Noticing is a skill which is seen as central to creative literacy. Could it also be that it is a practice which is critical to business success? I think that it is. The problem though with the rate of change happening faster than our ability to respond to it is that many of us just seem to want knuckle down and get on with it, using the well worn filters and models which worked in the past and pray they serve us well in the future. The challenge is that we are living in a world where "time sickness" (the belief that there is not enought time and that it running out for us) is a real anxiety generator and thus any extra time required to practice a way of seeing things differently is viewed by many as just too overwhelming. In an informal poll done with delegates on our executive education courses at UCT GSB, many stated that they were working longer hours, taking shorter breaks and multi tasking just to try and keep up with the sheer volume of information they were confronted with daily. As many of you will know, I am working on the notion of Curiosity as an enabler of learning and as a filter for our attention. But what of the art of noticing?

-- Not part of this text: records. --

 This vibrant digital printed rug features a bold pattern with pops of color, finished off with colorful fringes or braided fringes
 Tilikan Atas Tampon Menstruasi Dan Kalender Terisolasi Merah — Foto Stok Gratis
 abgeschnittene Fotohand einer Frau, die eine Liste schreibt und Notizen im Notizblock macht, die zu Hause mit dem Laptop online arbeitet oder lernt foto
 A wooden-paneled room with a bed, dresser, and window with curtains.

What has become clear for me is that conscious noticing is not easy. It requires energy and practise. In it's own right, noticing is an act of attention. Noticing, like Curiosity, is an appreciating asset. What I am particularly interested in is the way in which how we notice things differently will start informing our own leadership practices.

It is my belief that other discplines often provide extraordinary insight for crafting and understanding questions we might not have fully birthed. In the current world of augmented reality, designers craft avatars and characters that live not in the full focus of one’s vision but to the side – at a glance (Slavin, 2009; Cerveny, 2009). This can be much more efficient than fully parallel approaches to pattern recognition. The art of the glance is a useful exercise to practice when attempting to notice things outside of one’s normal area of perception. In fact, according to Schmidhuber (1991), humans and other biological systems use sequential gaze shifts to detect and also recognise patterns. This peripheral vision gives rise to residual objects which exist alongside of us but which are seldom noticed. Simply put, what are you noticing from the corner of your eye that you would usually filter out, but could possibly give opportunities for seeing differently? How can this way of seeing improve your capacity as a leader - when so much of the literature tells us to have a clear and uninterrupted focus.

I don't have the answers to these questions but I am priviliged to be working with Dave Bond, who is the Director of the Leadership Centre at Ashridge Business School in the UK on a new three day programme entitled The Art of Noticing - Fresh Eyes for New Opportunities which will be run in October at the GSB and explore some of these challenges. 

I am genuinely excited by the possibilities this can generate for more effective leadership and the opportunities it can help us as leaders  generate in our own businesses and practices.

How Does Web 2.0 Affect the Way we Grow Leaders?

I have decided to continue using my blog as a space to share thoughts around my PhD topic on the Collision between Web 2.0/3? and Leadership Development in organisations. We have created a blog for the ongoing Business Acumen for Artists programme at http://gsbexecedblog.uct.ac.za/baa/ So those wanting to enrich their own artistic journey through a deeper undestanding of business acumen need just go there for updates and insights. It is a wonderfully engaging group of artists we have this year and I'm sure they won't mind you popping in and posting your own stumbling blocks and/or insights and questions. My blog is going to be solely around the question posed in the title.

I have decided to change my topic which was previously on Ecovation for a number of reasons...none of which I want to go into now. But I think this collision is one which is a good fit because leadership development is the area I work in and design programmes around, I am increasingly involved in open source and I see the visible changes that mass collaboration is effecting on senior leaders in organisations. So deep breath - into the wild...

Any leftfield Jack London commentary to start me on my journey?